27 Şubat’ta Ercan Havalimanı’nda buluştuk ekiple. Rahat bir yolculuğun ardından vardık Sabiha Gökçen Havalimanı’na. Havalimanından Şirinevler’de konaklayacağımız tesislere varıncaya kadar, uzunca sohbet ettik Akdeniz Spor Birliği Başkanı Serhat Deniz ile… Serhat Deniz, ülkemizde sürdürülebilir bir spor politikasının olmamasından dert yandı. Haksız da değil. Ülkemizde spordan da sorumlu bakanlığın tüm imkanlarının futbol oynamak için harcandığı, salon sporlarına gerekli önem verilmediğini herkes biliyor. Deniz’in sitem ettiği bir diğer konu da, üniversite takımlarının liglerde mücadele etmesinin, kulüplerin önünü tıkaması ve çok kolay bir şekilde kulüplerin yetiştirdiği sporcuları kadrolarına katabilmesi. Ciddi özverilerle kulüp takımlarında ter döken, genç sporcular üniversitelerin kendilerine verdiği burs imkanlarından faydalanabilmek için, takımlarından ayrılıp, yeni sözleşmeler imzalayabiliyorlar. “Bu şartlarda birkaç yıla kalmaz, salon sporlarında mücadele eden kulüpler birer birer kapanır” dedi Serhat Başkan.

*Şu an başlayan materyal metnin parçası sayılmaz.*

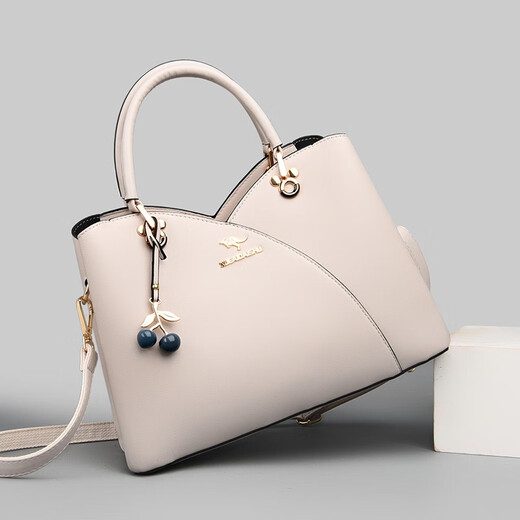 XUEAIDAISHU high-end women's bag genuine leather 2025 new middle-aged crossbody handbag Mother's Day gift for mom Beige gift box + gift bag + hand bag card bag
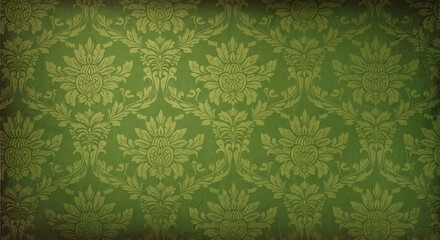 Vintage Green Damask Wallpaper Pattern.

“BİRKAÇ YILA KULÜPLER KAPANIR”
Kulüp Yöneticisi Ertunç Ener de sohbetimize dahil olarak “üniversiteler futbol ligine girse, çoğu kulüp de ligden havlu atar” dedi. Haklılar da aslında. Maddi olanaksızlıklar yaşamayan üniversitelerin, spor branşlarında liglerde mücadele etmesi, küçük bütçelerle, ciddi fedakârlıkla faaliyetlerine devam eden kulüplerin kuyusunu kazıyor. Buna rağmen ligde namağlup Akdeniz.
EFES EFSANESİ…
Genç sporcularımız İstanbul’daki ilk maçlarını Anadolu Efes Genç Takımı ile yaptı. Bu karşılaşma Anadolu Efes Spor Tesisleri’nde oynandı. Tesislere girişimizde Efes Pilsen’in 1995-1996 sezonundaki efsane kadrosunun dev bir fotoğrafı karşıladı bizi. Kimler kimler yok ki bu kadro içerisinde. Küçük Kaymaklı’daki evimizde izliyordum, hiç kaçırmadan Efes Pilsen’in her karşılaşmasını. Koraç Kupası’nı müzesine götürmüştü, bu kadro. Kıbrıs’ta da heyecan yaşamıştık.

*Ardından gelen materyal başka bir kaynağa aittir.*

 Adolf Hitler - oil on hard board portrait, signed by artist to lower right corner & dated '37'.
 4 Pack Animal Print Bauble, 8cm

Tesise baktığımızda ise, sadece basketbola ait küçük bir salonun, Anadolu Efes’e ait sporculara hizmet verdiğini gözlemledik. Bir de bizim ülkemizde tesisi olmadan hazırlanıp, liglerde mücadele eden takımlarımızı düşündüm. Bir kez daha yüzleştik ülkemiz koşulları ile. Fizik gücünün daha ağır bastığı Anadolu Efes karşısında iyi bir oyun ortaya koyan Akdeniz, sahadan 97-80 mağlup ayrıldı, ama yaşadığı deneyim skordan daha önemliydi.
EUROLEAGUE HEYECANI...
Bu hazırlık karşılaşmasının ardından genç sporcular bu kez Abdi İpekçi Spor Salonu’nda Euroleague karşılaşmasını izledi. Bu karşılaşmada Anadolu Efes-Laboral Kutxa Vitoria karşı karşıya geldi. Yüzlerce değil, binlerce taraftar vardı tribünlerde. Coşku, tezahürat, destek ve milli ruh hakimdi salonda. Abdi İpekçi’de sahaya bir göz attım, Stratos Perperoğlu, Thomas Heutrel, Dario Saric, Mat Janning, Nenad Krstic, Darius Adams, San Emeterio, Vujacic ve daha diğerleri. Akdeniz’in genç sporcular gözlerini kırpmadan izlediler bu yıldızları. Son saniyelere kadar heyecanı süren karşılaşmanın galibi 84-87’lik skorla Laboral oldu.
UPS: 80-AKDENİZ: 97
Euroleague heyecanının ardından ertesi gün hazırlık karşılaşmasında UPS karşısına çıkan Akdeniz, bu karşılaşmada gövde gösterisi yaparak rahat bir oyunla sahadan 97-80 galip ayrıldı. UPS tesisleri de göz kamaştırıcı. Özel bir firmanın sponsorluğunda kurulan bir kulüp UPS. Sportif faaliyetlerinin yanında sosyal sorumluluk projelerine de imza atıyorlar. Basketbol sahasının tribünlerinin altında soyunma odaları, kafeterya var. Salonun üst katında da idari odalar, toplantı odaları, derslikler. Salonun hemen yanında, kompleks içerisinde de bir ilkokul var. Bu ilkokul da yine sponsor firma tarafından yapılmış, Eğitim Bakanlığı’na devredilmiş.
TARİHE YOLCULUK...
Kampın üçüncü ve son gününde kafile ile birlikte kültür gezisi için Sultanahmet’e gittik. Burada ilk durağımız Ayasofya oldu. Burası dünya mimarisinin en önemli anıtlarından biri arasında. Uzun uzun gezdik Doğu Roma İmparatorluğu’nun bu devasa eserini... Bilindiği üzere Ayasofya’nın kubbesi, 32.37 metrelik çapıyla İstanbul’da bulunan en büyük kubbe.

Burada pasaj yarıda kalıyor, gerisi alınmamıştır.